BEGIN Excerpted records
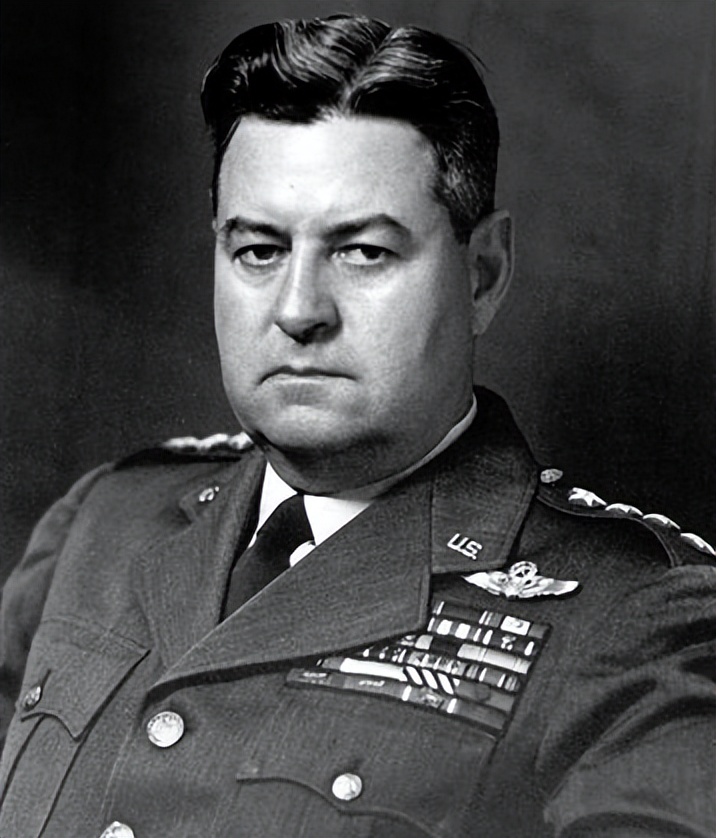 柯蒂斯李梅性格,柯蒂斯李梅简介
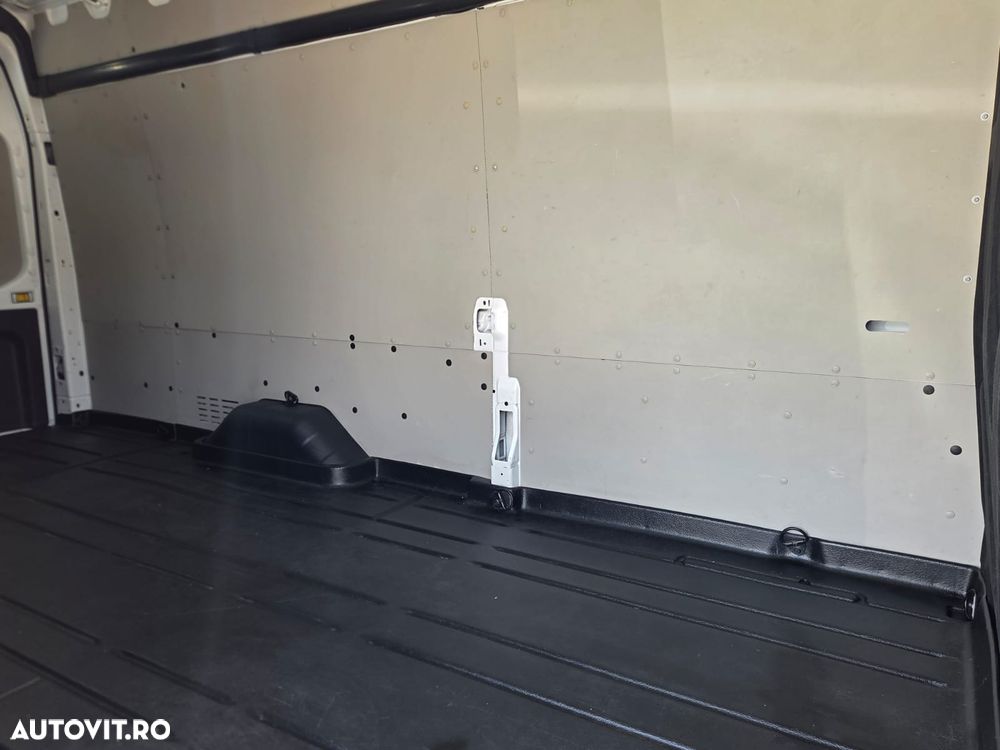 Ford New Transit L4H3 - 16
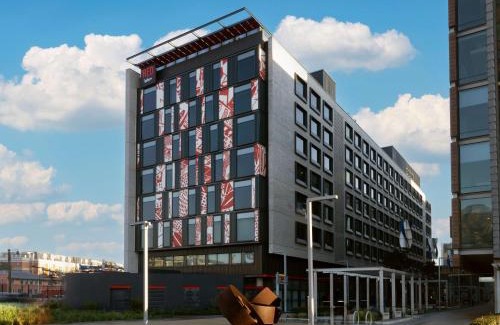 Silo District Hotel | Radisson RED Hotel V&A Waterfront Cape Town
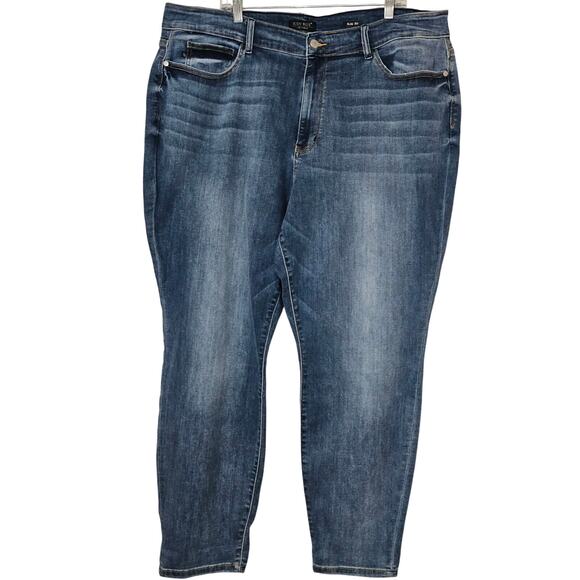 Judy Blue Slim Fit 24W Plus-Size Denim Jeans - Picture 2 of 8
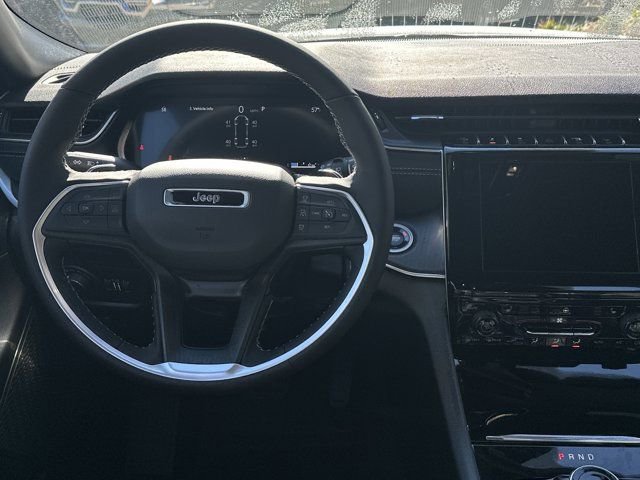 New 2025 Jeep Grand Cherokee L Altitude image 21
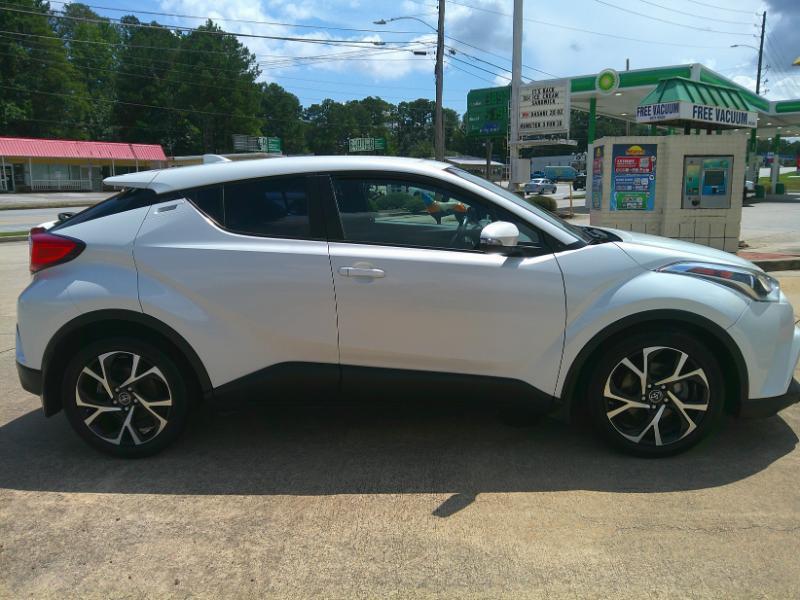 Toyota C-HR XLE 2018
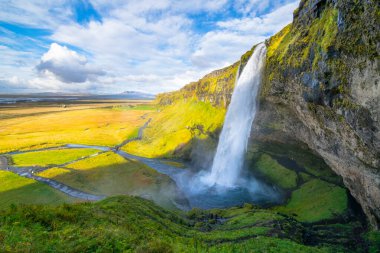 Seljalandsfoss Şelalesinden muhteşem manzara - İzlanda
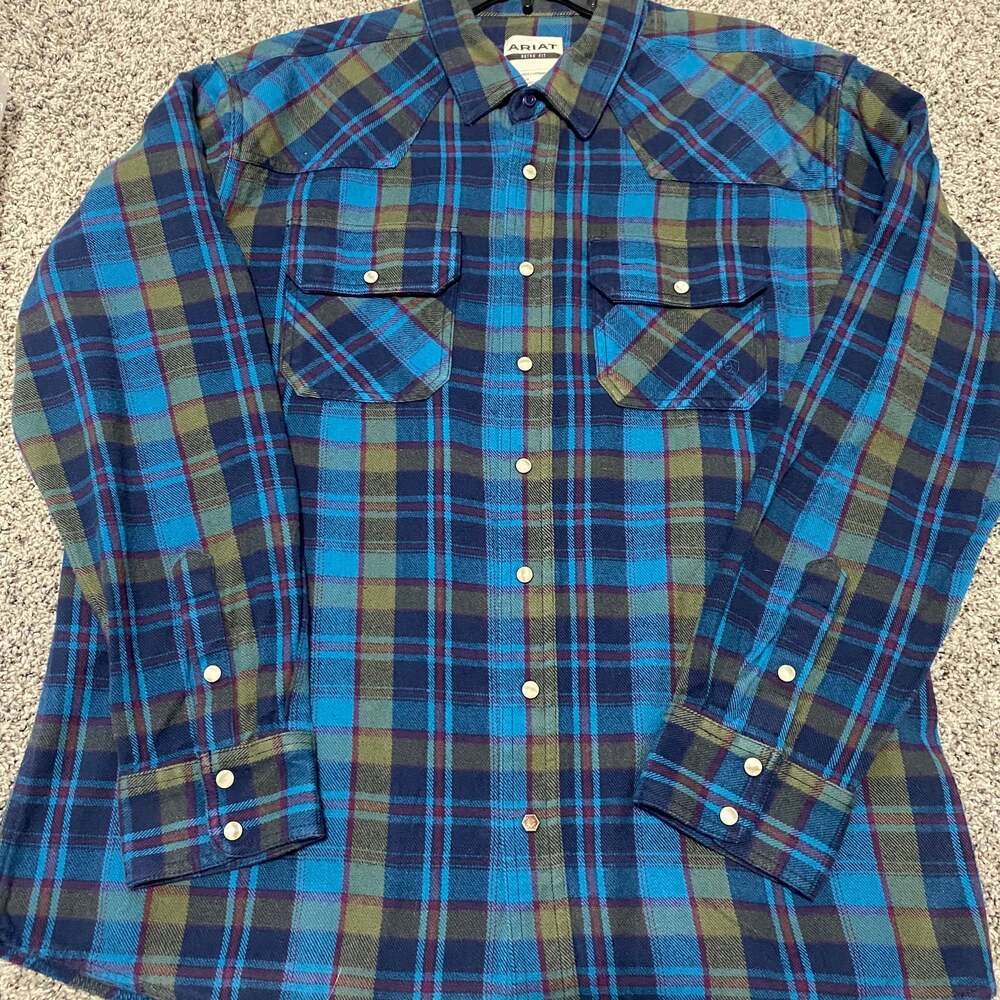 Ariat Men's Halsted Retro Fit Blue Plaid Pearl Snap Flannel Western Shirt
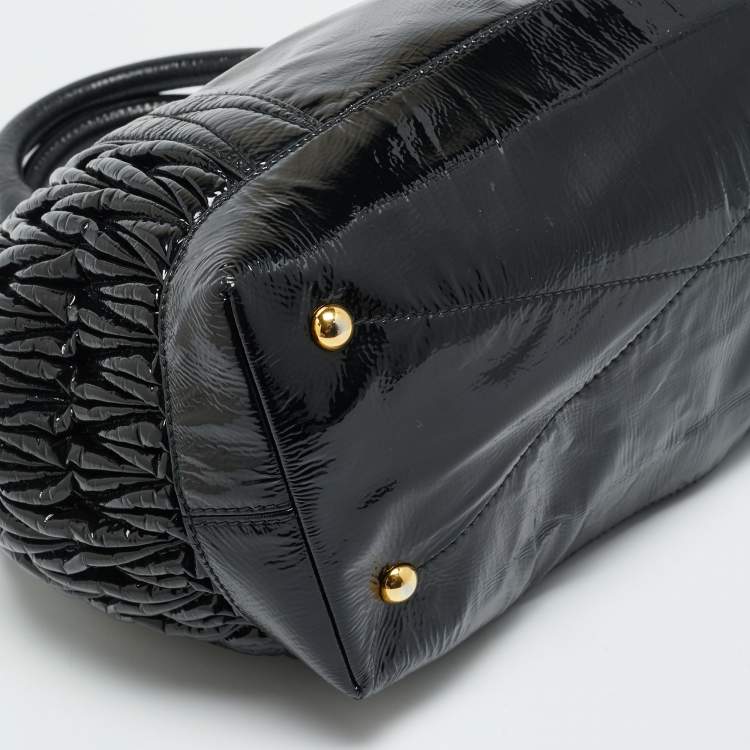Pre Owned Miu Miu Black Matelassé Patent Leather Tote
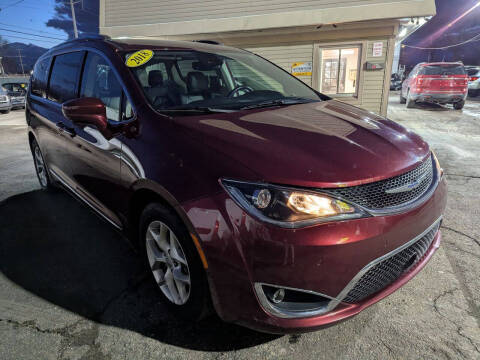 2018 Chrysler Pacifica for sale at Summit Motors LLC in Wayne MI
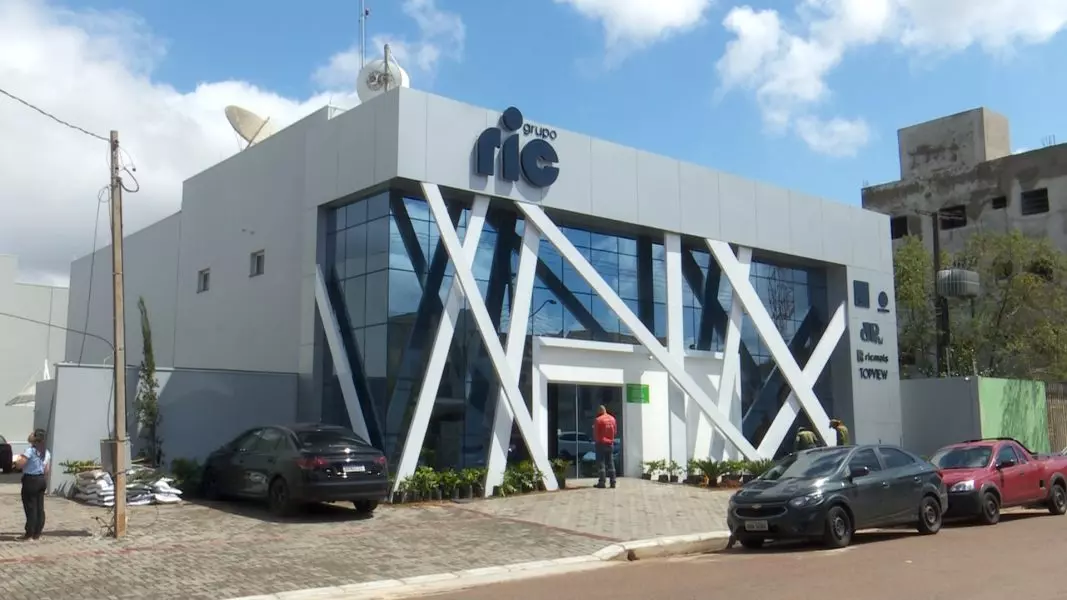 Fachada Sede do grupo Ric em Cascavel - Foto Reprodução Internet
END Excerpted records
### Requirement
From the line containing "Judy Blue Slim" down to the final line of the material above, reproduce each line exactly and include no images.

### Solution for this exercise
 Judy Blue Slim Fit 24W Plus-Size Denim Jeans - Picture 2 of 8
 New 2025 Jeep Grand Cherokee L Altitude image 21
 Toyota C-HR XLE 2018
 Seljalandsfoss Şelalesinden muhteşem manzara - İzlanda
 Ariat Men's Halsted Retro Fit Blue Plaid Pearl Snap Flannel Western Shirt
Pre Owned Miu Miu Black Matelassé Patent Leather Tote
 2018 Chrysler Pacifica for sale at Summit Motors LLC in Wayne MI
 Fachada Sede do grupo Ric em Cascavel - Foto Reprodução Internet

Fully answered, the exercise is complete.